-- Opening Marker --

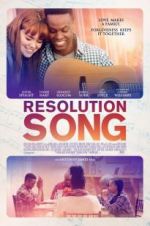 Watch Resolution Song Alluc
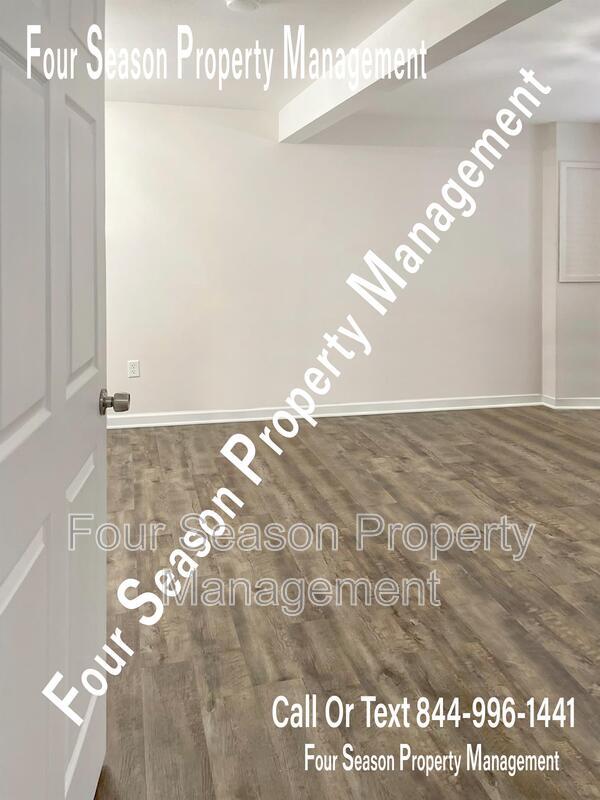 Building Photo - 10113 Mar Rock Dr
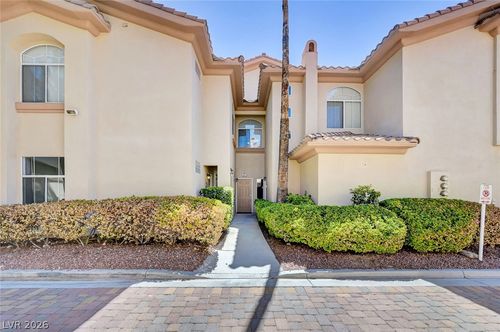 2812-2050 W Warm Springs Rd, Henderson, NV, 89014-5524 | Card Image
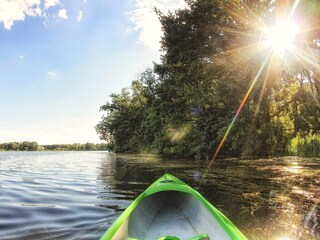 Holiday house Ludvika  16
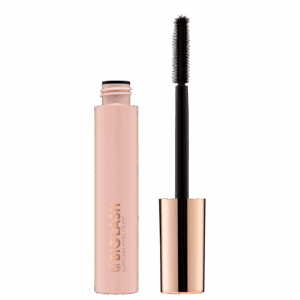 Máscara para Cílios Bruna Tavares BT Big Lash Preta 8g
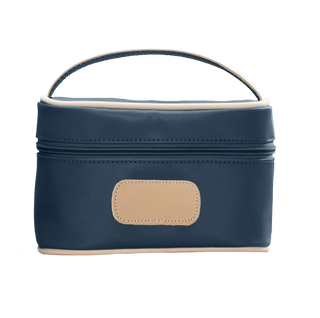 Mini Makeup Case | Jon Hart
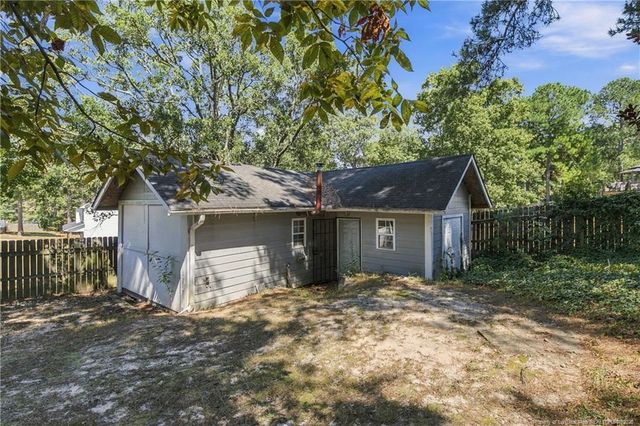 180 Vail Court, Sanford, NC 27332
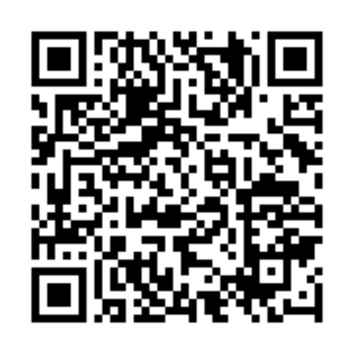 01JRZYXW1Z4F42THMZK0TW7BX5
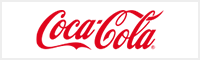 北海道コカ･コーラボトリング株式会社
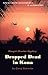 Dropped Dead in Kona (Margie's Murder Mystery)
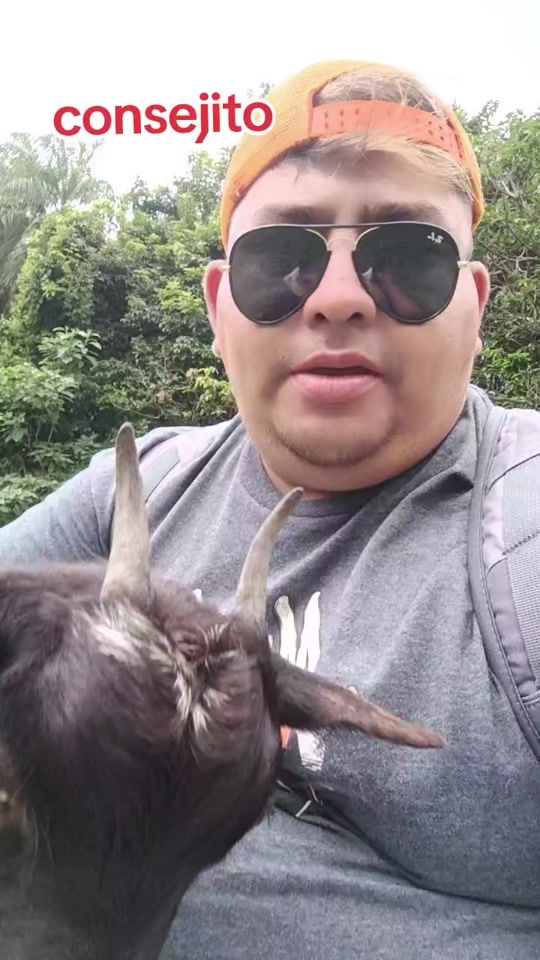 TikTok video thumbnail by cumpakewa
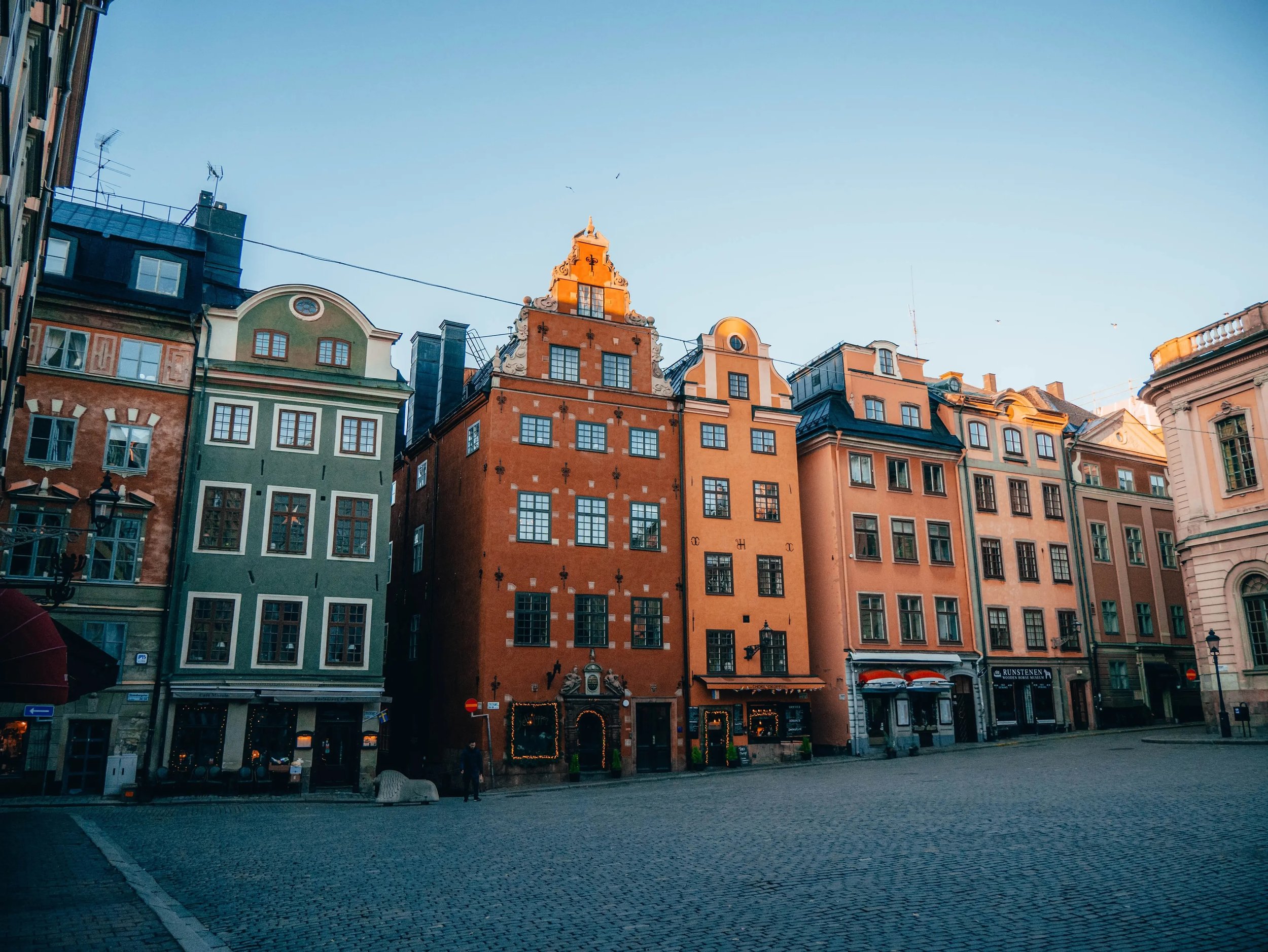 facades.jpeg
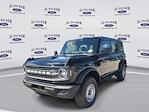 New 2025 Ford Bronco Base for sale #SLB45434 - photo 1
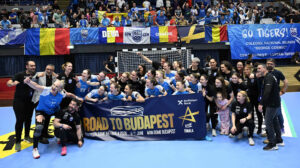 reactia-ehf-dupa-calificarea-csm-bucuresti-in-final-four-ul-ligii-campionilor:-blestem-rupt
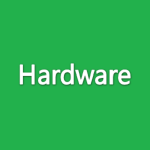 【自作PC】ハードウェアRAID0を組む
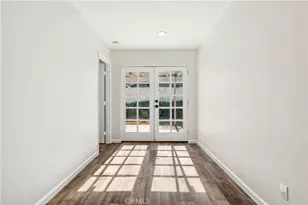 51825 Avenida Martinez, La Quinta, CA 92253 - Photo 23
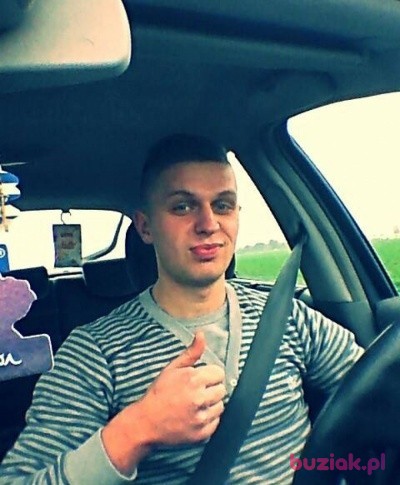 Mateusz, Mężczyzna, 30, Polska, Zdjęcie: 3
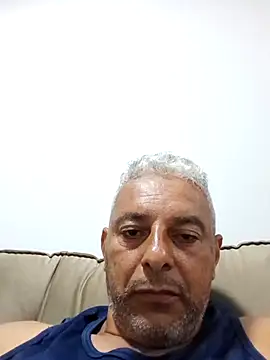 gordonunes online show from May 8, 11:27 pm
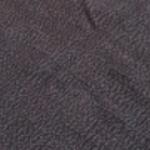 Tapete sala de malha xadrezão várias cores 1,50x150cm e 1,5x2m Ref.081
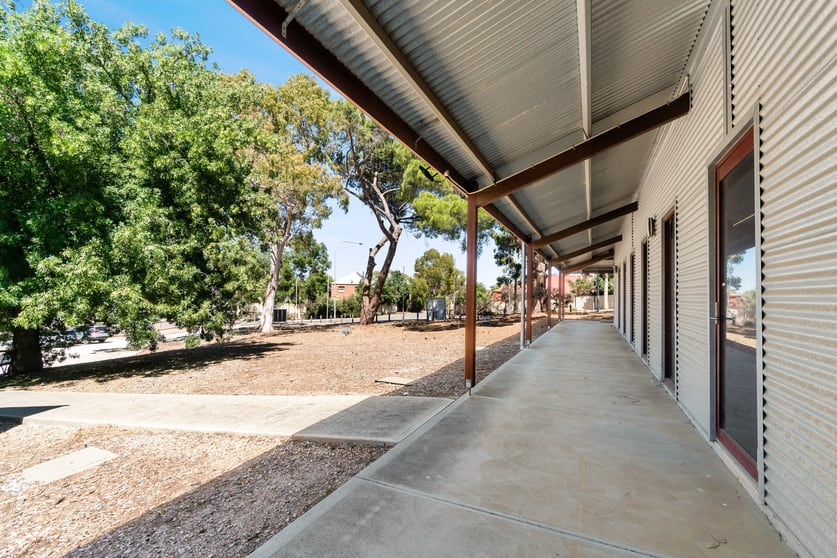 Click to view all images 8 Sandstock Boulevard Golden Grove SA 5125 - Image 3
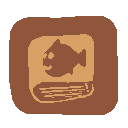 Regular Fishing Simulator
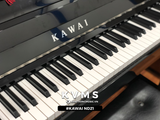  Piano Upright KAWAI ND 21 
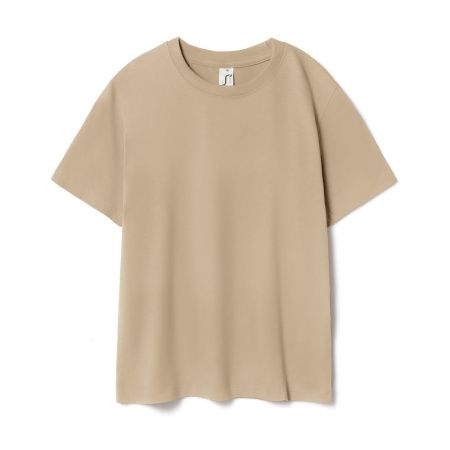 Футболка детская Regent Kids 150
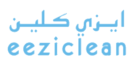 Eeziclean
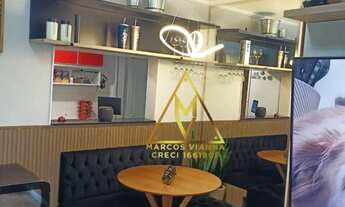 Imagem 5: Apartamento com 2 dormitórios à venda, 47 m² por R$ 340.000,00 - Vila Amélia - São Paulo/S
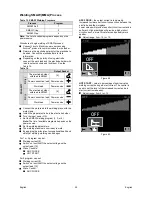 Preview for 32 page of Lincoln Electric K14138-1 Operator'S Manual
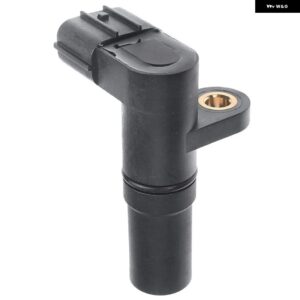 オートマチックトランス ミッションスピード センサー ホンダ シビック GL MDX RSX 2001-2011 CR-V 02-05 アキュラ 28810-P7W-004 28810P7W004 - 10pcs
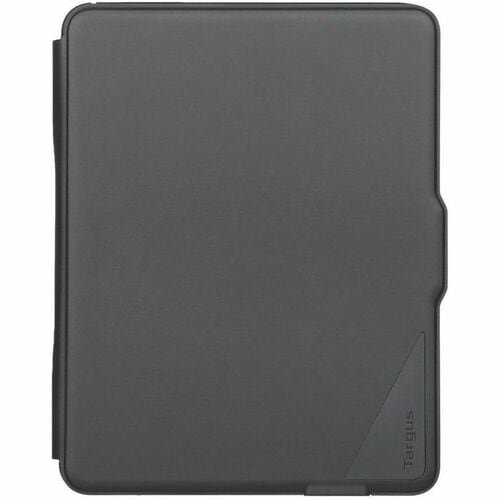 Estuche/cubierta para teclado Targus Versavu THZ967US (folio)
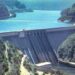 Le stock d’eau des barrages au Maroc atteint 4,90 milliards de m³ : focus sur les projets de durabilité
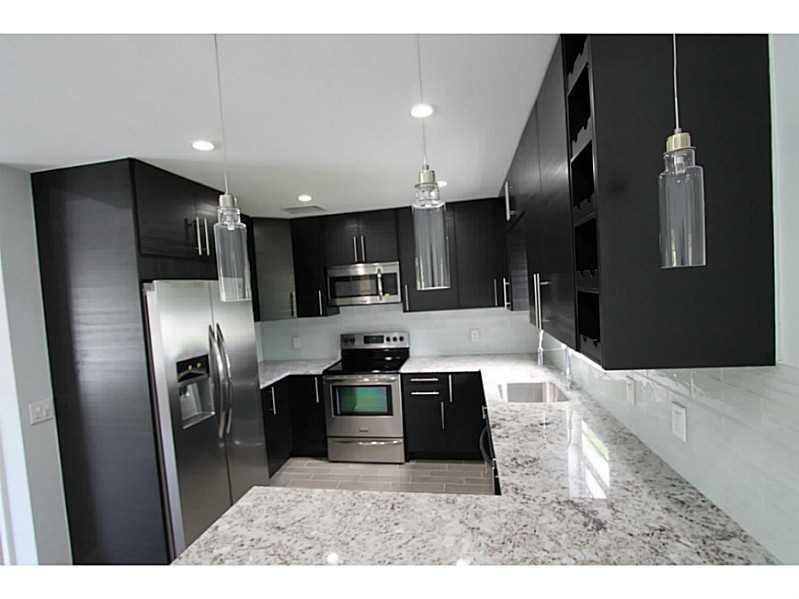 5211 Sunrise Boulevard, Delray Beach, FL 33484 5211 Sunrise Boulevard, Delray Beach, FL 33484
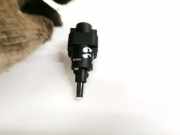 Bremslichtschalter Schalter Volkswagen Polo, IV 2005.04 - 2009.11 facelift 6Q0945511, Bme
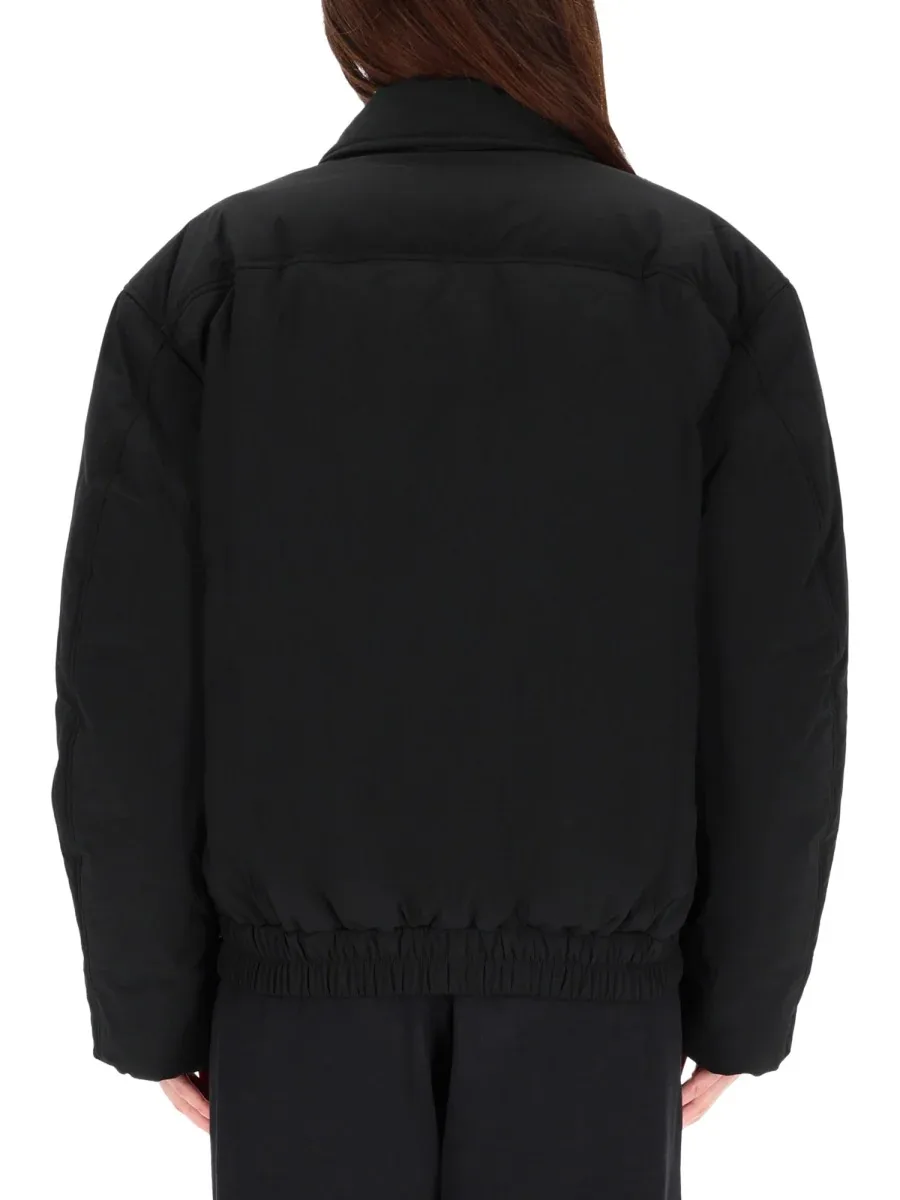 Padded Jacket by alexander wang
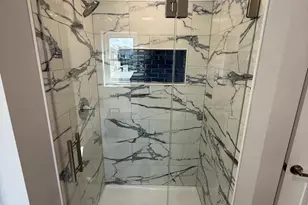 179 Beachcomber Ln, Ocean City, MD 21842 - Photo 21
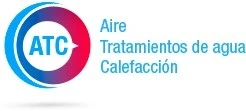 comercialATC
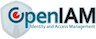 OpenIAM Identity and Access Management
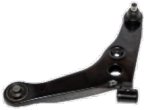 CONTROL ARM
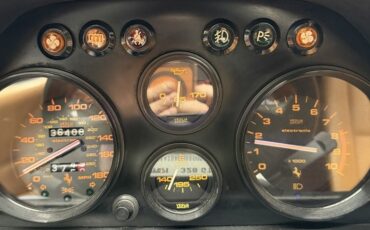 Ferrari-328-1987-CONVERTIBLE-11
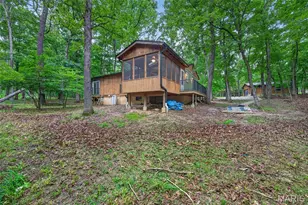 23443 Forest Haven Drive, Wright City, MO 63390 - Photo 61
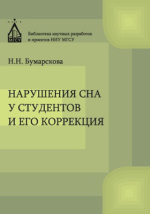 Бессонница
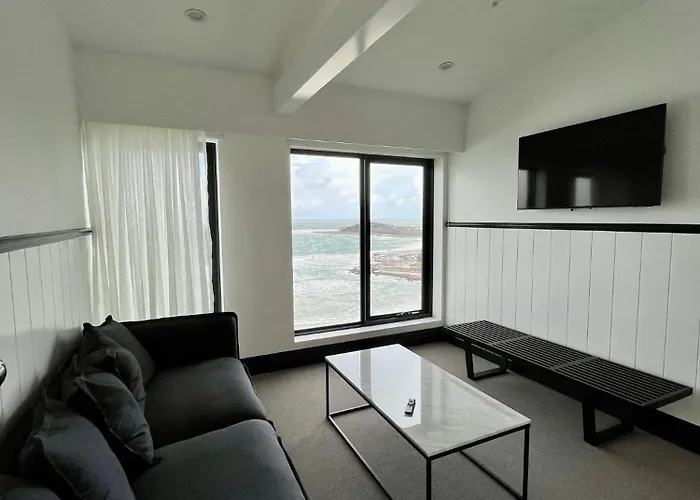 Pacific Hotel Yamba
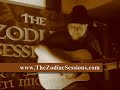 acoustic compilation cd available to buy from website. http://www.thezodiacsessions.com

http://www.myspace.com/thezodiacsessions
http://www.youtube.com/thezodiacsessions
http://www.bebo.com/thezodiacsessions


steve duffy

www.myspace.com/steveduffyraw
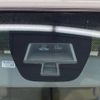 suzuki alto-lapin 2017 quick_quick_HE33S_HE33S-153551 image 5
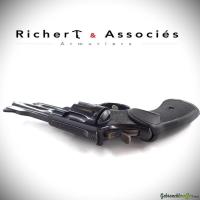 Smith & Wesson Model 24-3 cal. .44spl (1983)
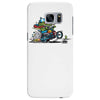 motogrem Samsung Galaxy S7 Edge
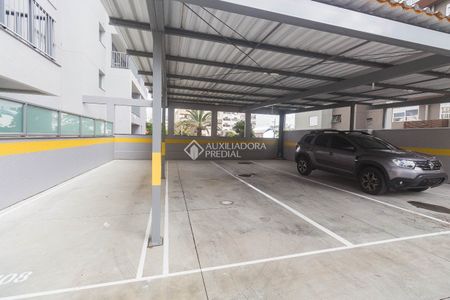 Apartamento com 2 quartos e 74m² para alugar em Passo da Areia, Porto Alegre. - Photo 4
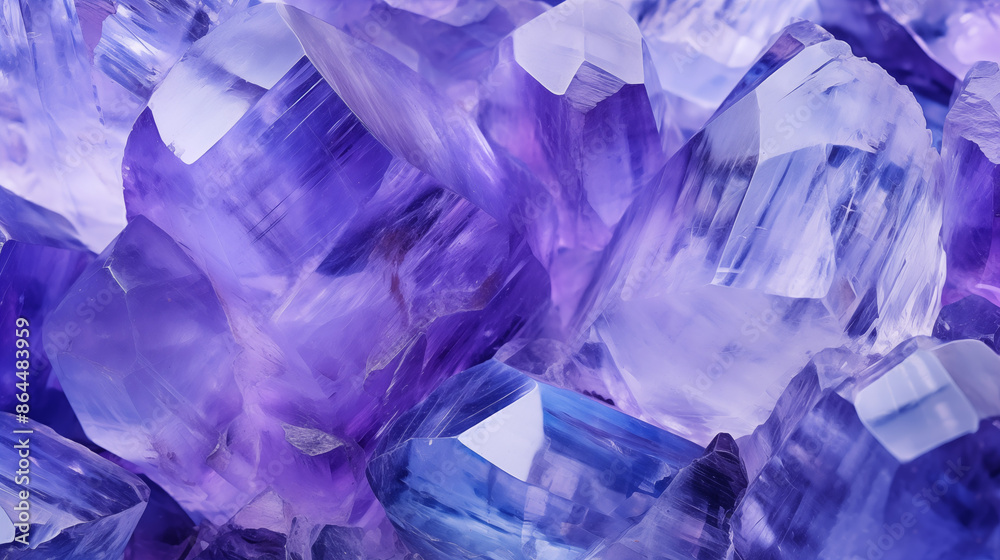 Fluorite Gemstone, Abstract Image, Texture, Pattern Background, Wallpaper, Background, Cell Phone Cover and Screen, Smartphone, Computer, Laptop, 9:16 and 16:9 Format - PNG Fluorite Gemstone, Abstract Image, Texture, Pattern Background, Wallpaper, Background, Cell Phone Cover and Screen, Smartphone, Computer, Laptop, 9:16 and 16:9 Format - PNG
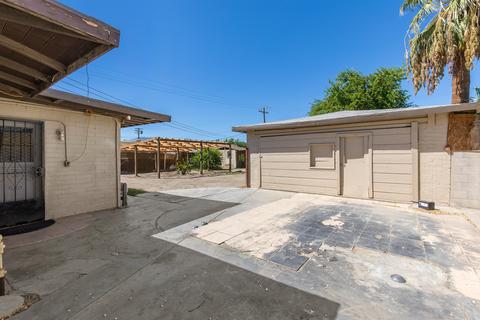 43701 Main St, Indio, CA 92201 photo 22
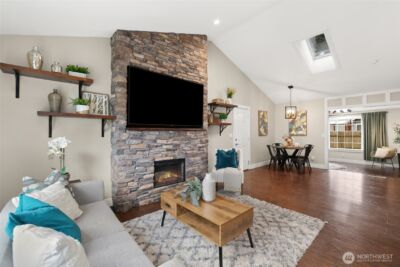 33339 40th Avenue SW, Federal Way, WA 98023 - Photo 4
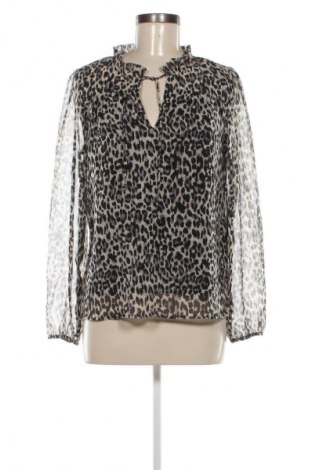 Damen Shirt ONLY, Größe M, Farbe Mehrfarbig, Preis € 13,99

-- Closing Marker --

__Activity__. Lines from the one above containing "New 2025 Ford" down to the one containing "acoustic compilation cd" should be transcribed exactly, with both ends kept and no pictures.

__Output for this exercise__.
 New 2025 Ford Bronco Base for sale #SLB45434 - photo 1
 reactia-ehf-dupa-calificarea-csm-bucuresti-in-final-four-ul-ligii-campionilor:-blestem-rupt
 【自作PC】ハードウェアRAID0を組む
 51825 Avenida Martinez, La Quinta, CA 92253 - Photo 23
 Mateusz, Mężczyzna, 30, Polska, Zdjęcie: 3
 gordonunes online show from May 8, 11:27 pm
 Tapete sala de malha xadrezão várias cores 1,50x150cm e 1,5x2m Ref.081
 Click to view all images 8 Sandstock Boulevard Golden Grove SA 5125 - Image 3
 Regular Fishing Simulator
  Piano Upright KAWAI ND 21 
 Футболка детская Regent Kids 150
 Eeziclean
 Imagem 5: Apartamento com 2 dormitórios à venda, 47 m² por R$ 340.000,00 - Vila Amélia - São Paulo/S
 Preview for 32 page of Lincoln Electric K14138-1 Operator'S Manual
 オートマチックトランス ミッションスピード センサー ホンダ シビック GL MDX RSX 2001-2011 CR-V 02-05 アキュラ 28810-P7W-004 28810P7W004 - 10pcs
 Estuche/cubierta para teclado Targus Versavu THZ967US (folio)
 Le stock d’eau des barrages au Maroc atteint 4,90 milliards de m³ : focus sur les projets de durabilité
 5211 Sunrise Boulevard, Delray Beach, FL 33484 5211 Sunrise Boulevard, Delray Beach, FL 33484
 Bremslichtschalter Schalter Volkswagen Polo, IV 2005.04 - 2009.11 facelift 6Q0945511, Bme
 Padded Jacket by alexander wang
 179 Beachcomber Ln, Ocean City, MD 21842 - Photo 21
 comercialATC
 OpenIAM Identity and Access Management
 CONTROL ARM
 Ferrari-328-1987-CONVERTIBLE-11
 23443 Forest Haven Drive, Wright City, MO 63390 - Photo 61
 Бессонница
 Pacific Hotel Yamba
 acoustic compilation cd available to buy from website. http://www.thezodiacsessions.com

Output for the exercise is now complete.